» **EXERCISE DETAILS**: Under this line are the records; repeat exactly the lines starting at the one containing "俄罗斯人租赁新趋势是什么：深度剖析与未来展望" and ending at the one containing "国内最速！豊富な高速化機能", omitting pictures.

» **DATA EXCERPTS**:

────────────────

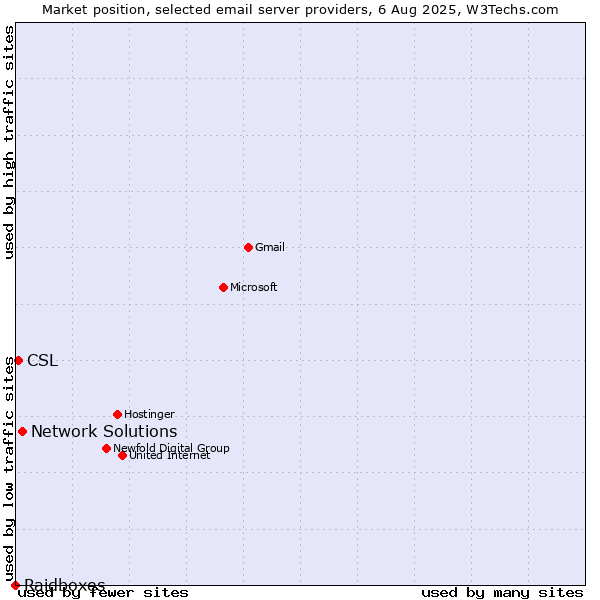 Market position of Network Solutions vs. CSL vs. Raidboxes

────────────────

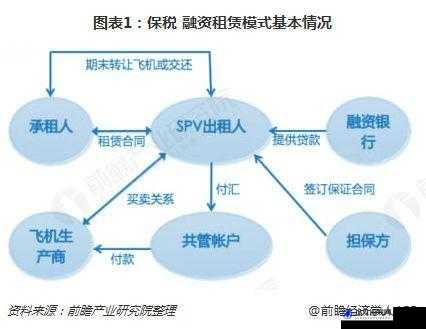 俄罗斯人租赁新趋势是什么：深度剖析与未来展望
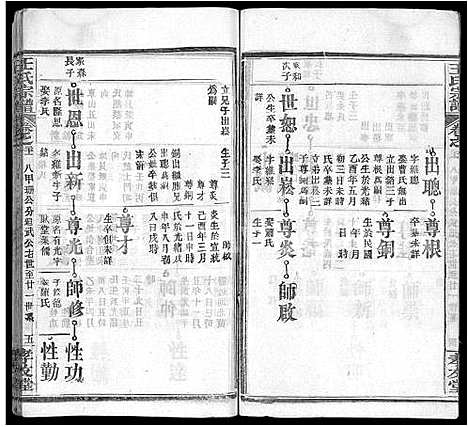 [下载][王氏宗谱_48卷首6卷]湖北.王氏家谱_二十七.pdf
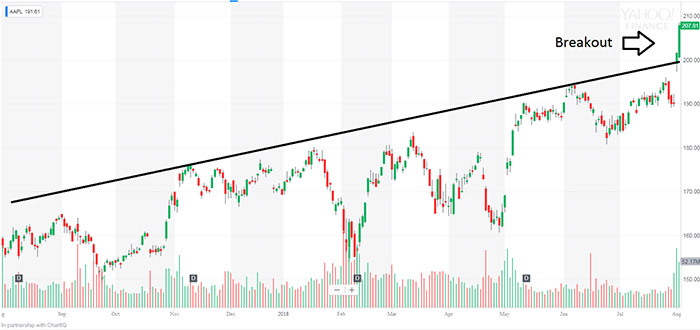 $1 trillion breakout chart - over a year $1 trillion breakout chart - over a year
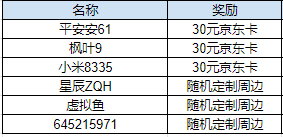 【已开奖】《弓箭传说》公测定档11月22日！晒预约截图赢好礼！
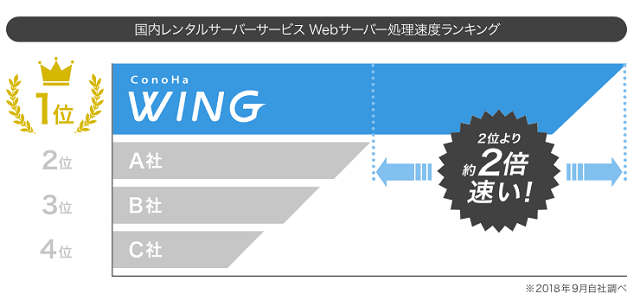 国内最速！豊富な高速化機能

────────────────

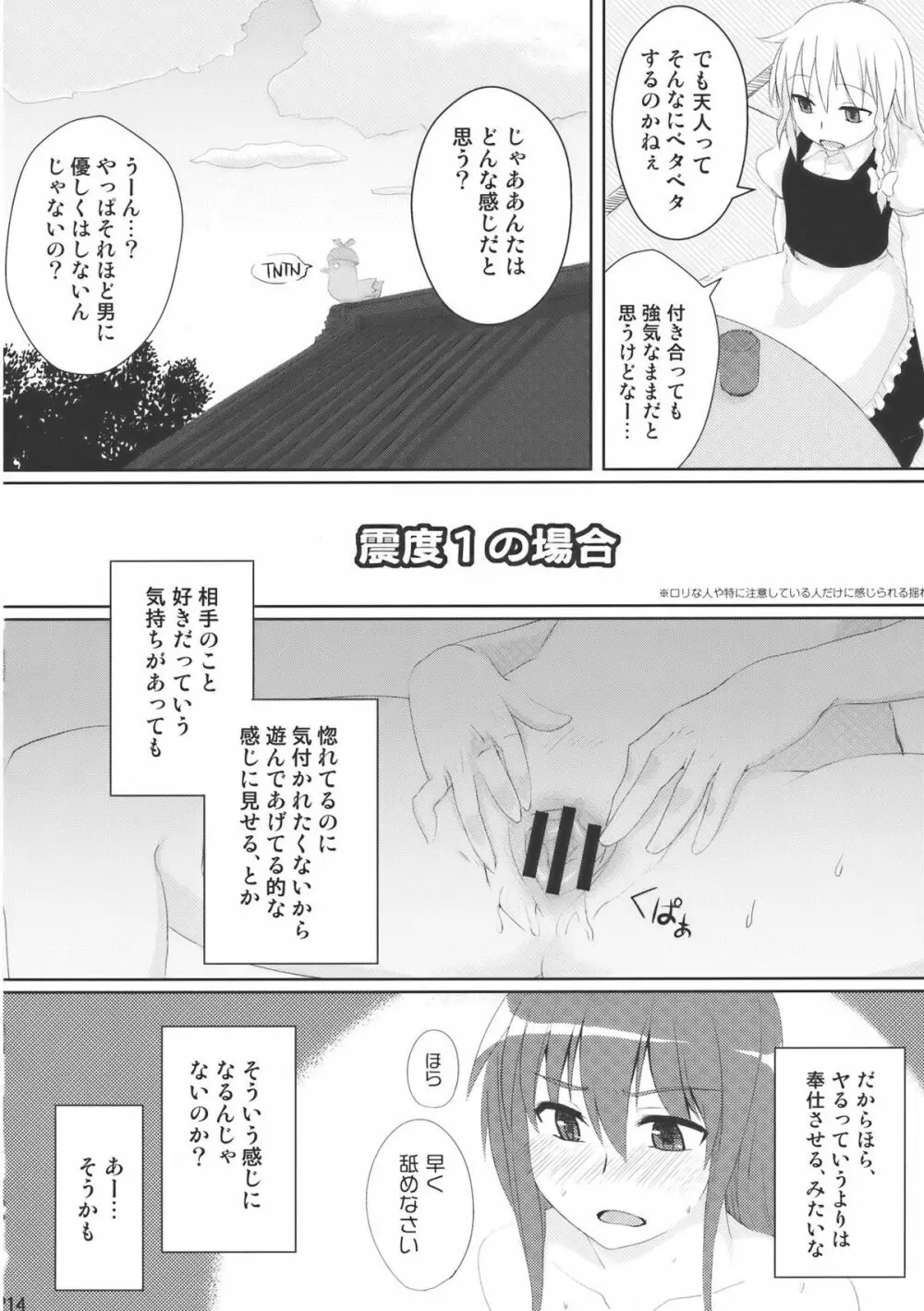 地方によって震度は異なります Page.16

────────────────

» **SOLUTION TO THIS EXERCISE**:
 俄罗斯人租赁新趋势是什么：深度剖析与未来展望
 [下载][王氏宗谱_48卷首6卷]湖北.王氏家谱_二十七.pdf
 $1 trillion breakout chart - over a year $1 trillion breakout chart - over a year
 【已开奖】《弓箭传说》公测定档11月22日！晒预约截图赢好礼！
 国内最速！豊富な高速化機能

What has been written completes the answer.